Repeat the stretch of entries below from the line with "Emirati Arabi Uniti" through the line with "Certified 2022 GMC". Include both ends and add nothing.
►
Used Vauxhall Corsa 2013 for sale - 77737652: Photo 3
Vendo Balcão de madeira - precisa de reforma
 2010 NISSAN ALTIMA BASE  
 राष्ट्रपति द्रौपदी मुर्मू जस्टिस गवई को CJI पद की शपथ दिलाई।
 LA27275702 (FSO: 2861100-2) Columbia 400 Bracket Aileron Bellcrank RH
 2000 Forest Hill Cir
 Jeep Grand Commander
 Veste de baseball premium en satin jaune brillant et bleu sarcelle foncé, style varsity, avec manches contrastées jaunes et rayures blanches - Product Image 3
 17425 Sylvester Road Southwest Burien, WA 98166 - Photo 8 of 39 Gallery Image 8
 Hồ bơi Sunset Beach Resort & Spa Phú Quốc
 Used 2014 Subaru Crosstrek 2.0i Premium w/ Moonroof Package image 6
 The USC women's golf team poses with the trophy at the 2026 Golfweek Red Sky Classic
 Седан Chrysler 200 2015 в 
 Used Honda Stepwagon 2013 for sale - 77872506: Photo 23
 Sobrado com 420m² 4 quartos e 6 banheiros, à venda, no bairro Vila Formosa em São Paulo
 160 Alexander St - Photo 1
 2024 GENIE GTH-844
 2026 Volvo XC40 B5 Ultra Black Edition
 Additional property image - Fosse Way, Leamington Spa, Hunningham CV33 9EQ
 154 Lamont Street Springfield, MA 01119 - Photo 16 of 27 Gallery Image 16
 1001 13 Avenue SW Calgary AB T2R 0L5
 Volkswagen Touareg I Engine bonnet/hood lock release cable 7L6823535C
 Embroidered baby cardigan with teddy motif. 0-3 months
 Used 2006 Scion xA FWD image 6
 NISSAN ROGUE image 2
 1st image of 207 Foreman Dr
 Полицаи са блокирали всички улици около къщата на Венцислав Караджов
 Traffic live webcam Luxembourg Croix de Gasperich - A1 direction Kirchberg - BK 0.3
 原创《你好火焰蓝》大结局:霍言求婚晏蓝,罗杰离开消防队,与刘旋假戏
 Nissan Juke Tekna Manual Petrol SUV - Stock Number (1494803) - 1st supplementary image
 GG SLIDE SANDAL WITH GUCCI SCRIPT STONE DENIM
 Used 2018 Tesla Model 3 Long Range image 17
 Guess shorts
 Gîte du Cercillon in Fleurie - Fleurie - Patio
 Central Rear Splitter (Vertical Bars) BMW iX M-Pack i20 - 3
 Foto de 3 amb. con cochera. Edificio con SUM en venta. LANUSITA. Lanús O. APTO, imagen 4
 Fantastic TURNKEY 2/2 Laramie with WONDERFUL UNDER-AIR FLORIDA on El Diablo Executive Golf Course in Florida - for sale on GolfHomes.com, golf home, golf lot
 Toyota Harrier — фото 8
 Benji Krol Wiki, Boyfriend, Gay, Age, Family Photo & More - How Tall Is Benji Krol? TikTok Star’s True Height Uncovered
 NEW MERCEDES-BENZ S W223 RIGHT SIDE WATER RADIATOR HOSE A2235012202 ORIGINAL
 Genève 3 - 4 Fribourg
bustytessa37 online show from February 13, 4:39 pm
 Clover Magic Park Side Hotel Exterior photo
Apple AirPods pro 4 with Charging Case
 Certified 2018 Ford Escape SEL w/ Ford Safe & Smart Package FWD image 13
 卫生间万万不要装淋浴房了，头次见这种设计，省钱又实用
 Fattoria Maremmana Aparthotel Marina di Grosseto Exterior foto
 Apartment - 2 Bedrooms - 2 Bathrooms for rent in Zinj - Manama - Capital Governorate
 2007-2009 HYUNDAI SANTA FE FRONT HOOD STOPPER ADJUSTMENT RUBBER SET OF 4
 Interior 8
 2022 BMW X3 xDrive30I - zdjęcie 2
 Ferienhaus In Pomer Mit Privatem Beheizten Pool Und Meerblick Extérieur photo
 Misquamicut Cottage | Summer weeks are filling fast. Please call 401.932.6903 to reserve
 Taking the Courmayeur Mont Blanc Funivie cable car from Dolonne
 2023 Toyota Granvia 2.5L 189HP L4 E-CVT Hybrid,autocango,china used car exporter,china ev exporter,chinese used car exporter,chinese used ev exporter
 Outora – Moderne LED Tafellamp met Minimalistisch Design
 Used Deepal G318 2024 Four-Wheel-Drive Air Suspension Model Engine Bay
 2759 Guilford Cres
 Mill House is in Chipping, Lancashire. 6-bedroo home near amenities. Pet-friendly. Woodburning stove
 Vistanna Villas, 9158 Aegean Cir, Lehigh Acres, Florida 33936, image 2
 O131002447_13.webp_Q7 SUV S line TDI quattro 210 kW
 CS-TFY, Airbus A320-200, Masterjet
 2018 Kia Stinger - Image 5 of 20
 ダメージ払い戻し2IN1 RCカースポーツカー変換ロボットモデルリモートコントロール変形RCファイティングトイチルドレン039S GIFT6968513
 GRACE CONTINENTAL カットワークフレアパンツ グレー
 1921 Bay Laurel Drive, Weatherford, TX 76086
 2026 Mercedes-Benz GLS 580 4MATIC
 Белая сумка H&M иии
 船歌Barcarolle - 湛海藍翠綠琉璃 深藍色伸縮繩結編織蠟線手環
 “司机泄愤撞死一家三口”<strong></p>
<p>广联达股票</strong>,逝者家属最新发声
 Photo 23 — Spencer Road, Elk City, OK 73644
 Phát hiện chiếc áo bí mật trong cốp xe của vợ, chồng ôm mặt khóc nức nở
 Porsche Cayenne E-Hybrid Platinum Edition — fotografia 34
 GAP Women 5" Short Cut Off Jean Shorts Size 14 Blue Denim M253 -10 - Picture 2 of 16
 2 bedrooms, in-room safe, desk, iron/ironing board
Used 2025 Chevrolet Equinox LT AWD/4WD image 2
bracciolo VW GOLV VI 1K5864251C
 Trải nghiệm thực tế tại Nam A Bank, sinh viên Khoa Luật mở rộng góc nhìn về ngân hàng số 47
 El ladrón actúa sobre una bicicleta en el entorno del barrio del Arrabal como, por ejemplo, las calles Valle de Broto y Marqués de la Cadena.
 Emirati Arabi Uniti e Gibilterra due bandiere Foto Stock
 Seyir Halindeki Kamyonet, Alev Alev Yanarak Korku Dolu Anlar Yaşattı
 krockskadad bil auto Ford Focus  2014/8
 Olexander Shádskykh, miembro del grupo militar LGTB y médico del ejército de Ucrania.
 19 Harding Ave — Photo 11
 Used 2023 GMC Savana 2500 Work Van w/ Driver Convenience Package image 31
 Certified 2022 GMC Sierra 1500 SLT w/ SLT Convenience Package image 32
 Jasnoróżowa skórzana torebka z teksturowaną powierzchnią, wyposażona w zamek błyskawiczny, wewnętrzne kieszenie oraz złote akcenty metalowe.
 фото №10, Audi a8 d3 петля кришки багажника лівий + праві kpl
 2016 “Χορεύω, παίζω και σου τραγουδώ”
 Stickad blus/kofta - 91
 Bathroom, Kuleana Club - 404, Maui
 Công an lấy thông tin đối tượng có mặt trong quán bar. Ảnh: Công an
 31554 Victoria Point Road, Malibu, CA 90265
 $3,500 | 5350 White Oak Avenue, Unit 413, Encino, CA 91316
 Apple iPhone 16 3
◄
**EXERCISE ANSWER:**
 Emirati Arabi Uniti e Gibilterra due bandiere Foto Stock
 Seyir Halindeki Kamyonet, Alev Alev Yanarak Korku Dolu Anlar Yaşattı
 krockskadad bil auto Ford Focus  2014/8
 Olexander Shádskykh, miembro del grupo militar LGTB y médico del ejército de Ucrania.
 19 Harding Ave — Photo 11
 Used 2023 GMC Savana 2500 Work Van w/ Driver Convenience Package image 31
 Certified 2022 GMC Sierra 1500 SLT w/ SLT Convenience Package image 32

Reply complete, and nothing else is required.